I don't think so because this is into cycle collector.
OS are all MS-Windows
Windows 7	2121	94.5%
Windows 10	85	3.8%
Windows Vista	25	1.1%
Windows 8.1	7	0.3%
Windows XP	7	0.3%

But perhaps there is a different crash signature for Mac?
Flags: needinfo?(vseerror)
(In reply to Wayne Mery (:wsmwk, NI for questions) from comment #5)
> OS are all MS-Windows
> Windows 7	2121	94.5%
> Windows 10	85	3.8%
> Windows Vista	25	1.1%
> Windows 8.1	7	0.3%
> Windows XP	7	0.3%
> 
> But perhaps there is a different crash signature for Mac?

[I thought I replied to this. But obviously the post failed.]

I don't have development environment for MS Windows.

Given that all these come from Windows, then I suspect toolchain issue or
W32API and/or other MS library issues.

However, you mention "Mac".

How can we take a look at the top N crash reports.
OK, I figured it out.
After looking at the top crash and the bugzilla comment, I conclude that
there maybe something fishy with GC, especially CycleCollector, that is invoked from time to time(?)

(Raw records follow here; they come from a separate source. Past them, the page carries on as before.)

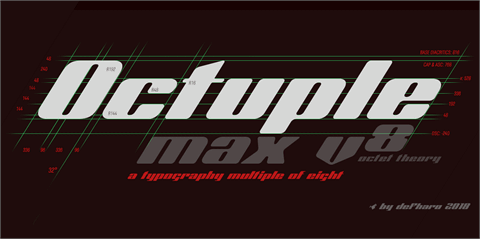 Octuple max font素材之家精选英文字体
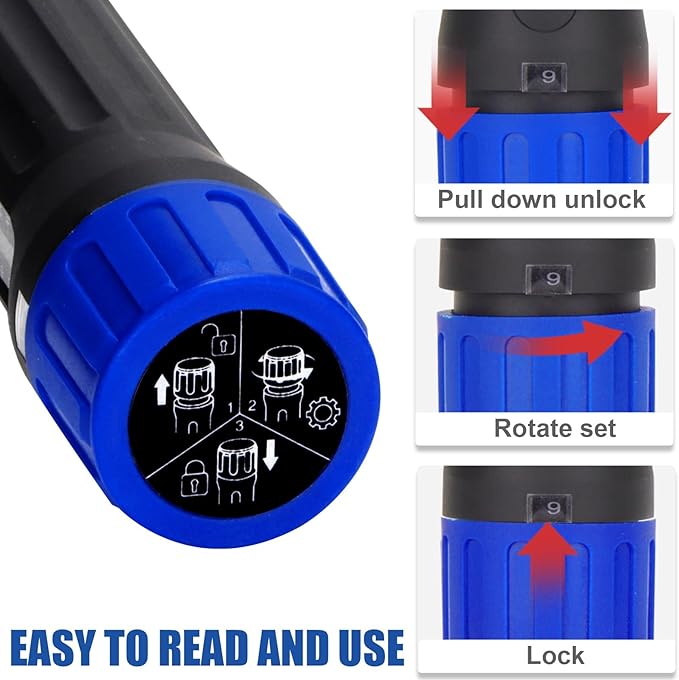 BULLTOOLS Torque Screwdriver Wrench Set, 10 to 70 Inch Pounds Torque Wrench Set for Bike Repairing and Mounting
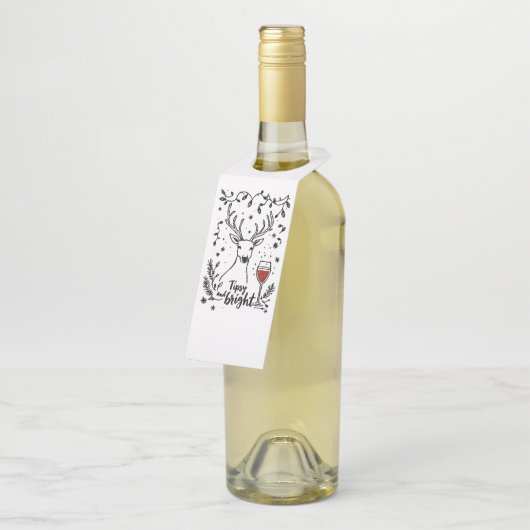 Tipsy and Bright Deer ボトルネックタグ (アングル)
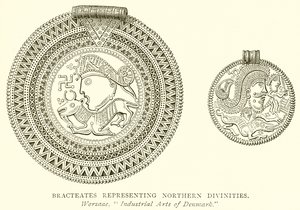 Bractéates représentant des divinités nordiques - English School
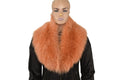 Fox Fur Collar, Orange Fur collar. Neck Wrap, Fur Scarf. Fur Wrap, Handmade Fur Collar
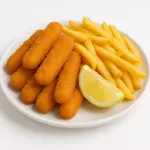 Isca de Peixe com Fritas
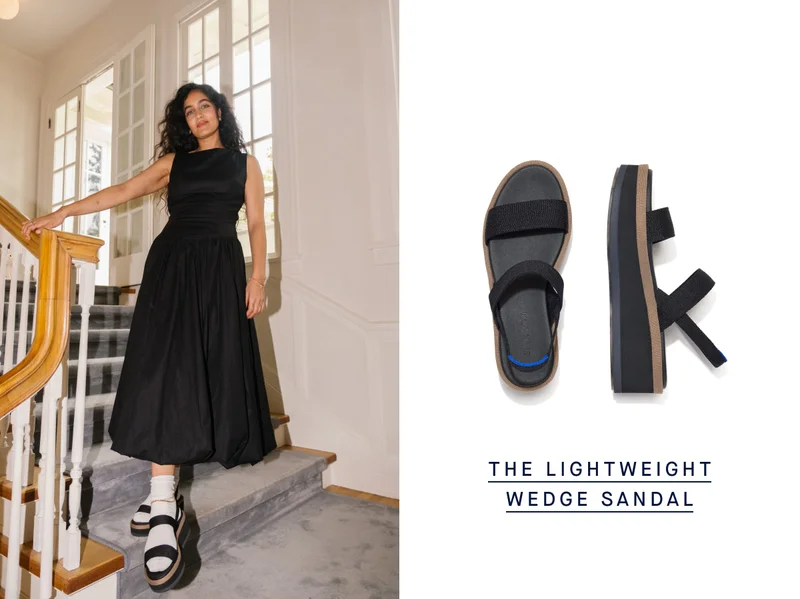 THE LIGHTWEIGHT WEDGE SANDAL THE LIGHTWEIGHT WEDGE SANDAL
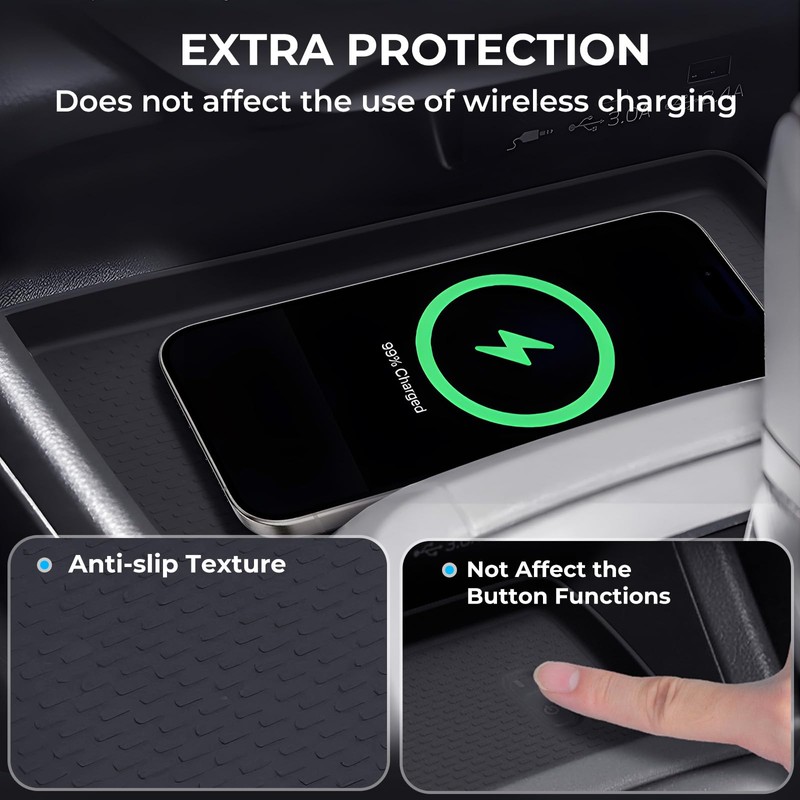 Katorn Wireless Charging Protective Mat for Subaru Crosstrek/Impreza 2026 2025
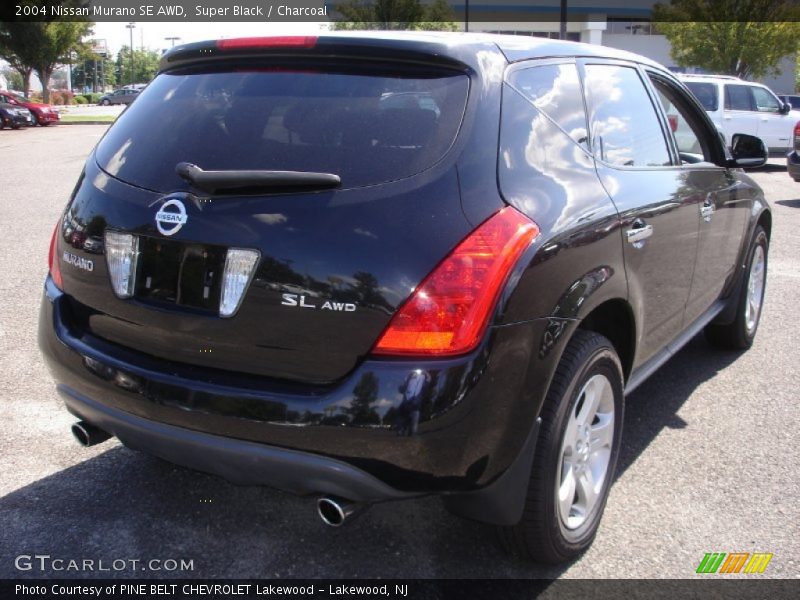Super Black / Charcoal 2004 Nissan Murano SE AWD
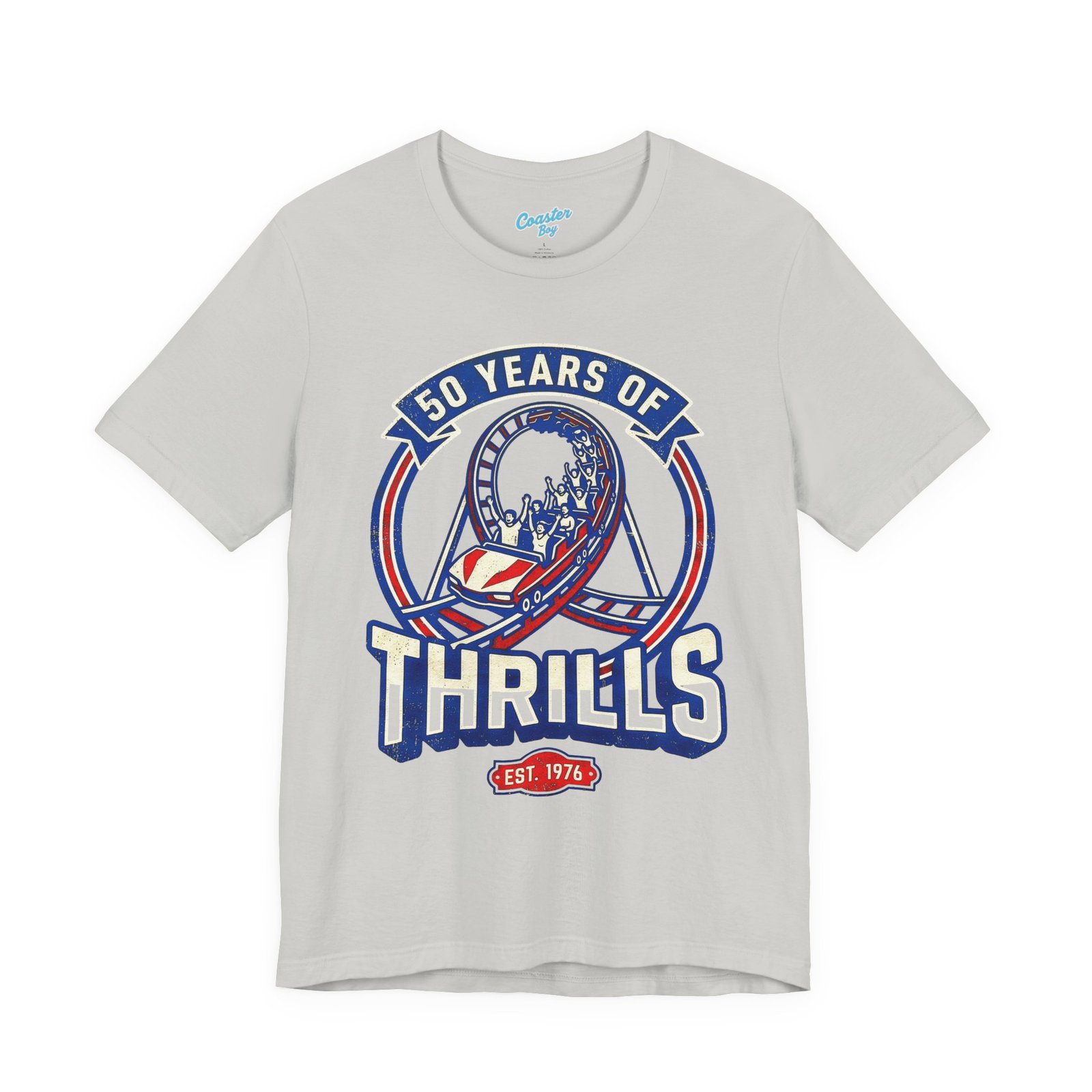 50 Years of Thrills Roller Coaster Tee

If I am not mistaken, all the stack trace associated with the crash here 
shows that the crash occurs in CycleCollector phase.


.
Short of compiler error or eager linker error that merges code erroneously 

looking at the code,
 mozilla-central/xpcom/ds/PLDHashTable.cpp
[Note this is when there was a collision and we are checking the
collision chain.]

    entry = AddressEntry(hash1);
    if (EntryIsFree(entry)) {
      return (Reason == ForAdd) ? (firstRemoved ? firstRemoved : entry)
                                : nullptr;
    }

    if (MatchEntryKeyhash(entry, aKeyHash) &&  <=== This is in the stack when the crash occurs
        matchEntry(entry, aKey)) {
      return entry;
    }

Given EntryIsFree(entry) is this


  static bool EntryIsFree(PLDHashEntryHdr* aEntry)
  {
    return aEntry->mKeyHash == 0;
  }

We can't have |entry| to be nullptr because if would have blown up in the |EntryIsFree()| call before TB blows up.

So let us take a look at CompareCacheMatchEntry().
This one in SSL mentioned in the final stack when TB blows up.

static bool
CompareCacheMatchEntry(const PLDHashEntryHdr *hdr, const void *key)
{
  const CompareCacheHashEntryPtr *entryPtr = static_cast<const CompareCacheHashEntryPtr*>(hdr);
  return entryPtr->entry->key == key;
}

|hdr| cannot be null. If the cast is not buggy then |entryPtr| is not null.
Hence |entryPtr->entry| must be null to cause the reference to 0x0.
But wait a second I saw something interesting for CompareCacheMatchEntry.


https://dxr.mozilla.org/mozilla-central/source/security/manager/ssl/nsCertTree.cpp#86
static const PLDHashTableOps gMapOps = {
  PLDHashTable::HashVoidPtrKeyStub,
  CompareCacheMatchEntry,
  PLDHashTable::MoveEntryStub,
  CompareCacheClearEntry,
  CompareCacheInitEntry
};
So it has defined the operation for hashtable manipulation.
That is why all of a sudden in the PDLHash operation, we see the call to
CompareCacheMatchEntry.

This function substitution is done in
https://dxr.mozilla.org/comm-central/source/mozilla/xpcom/ds/PLDHashTable.cpp#352
early in searchTable:

  // Hit: return entry.
  PLDHashMatchEntry matchEntry = mOps->matchEntry; <=== THIS
  if (MatchEntryKeyhash(entry, aKeyHash) &&
      matchEntry(entry, aKey)) {
    return entry;
  }

I thought hash table operation has been checked throughly by its extensive use.
However, cert code overriding the compare operation suggest that there is a chance that 
Cert code is broken one way or the other under Windows.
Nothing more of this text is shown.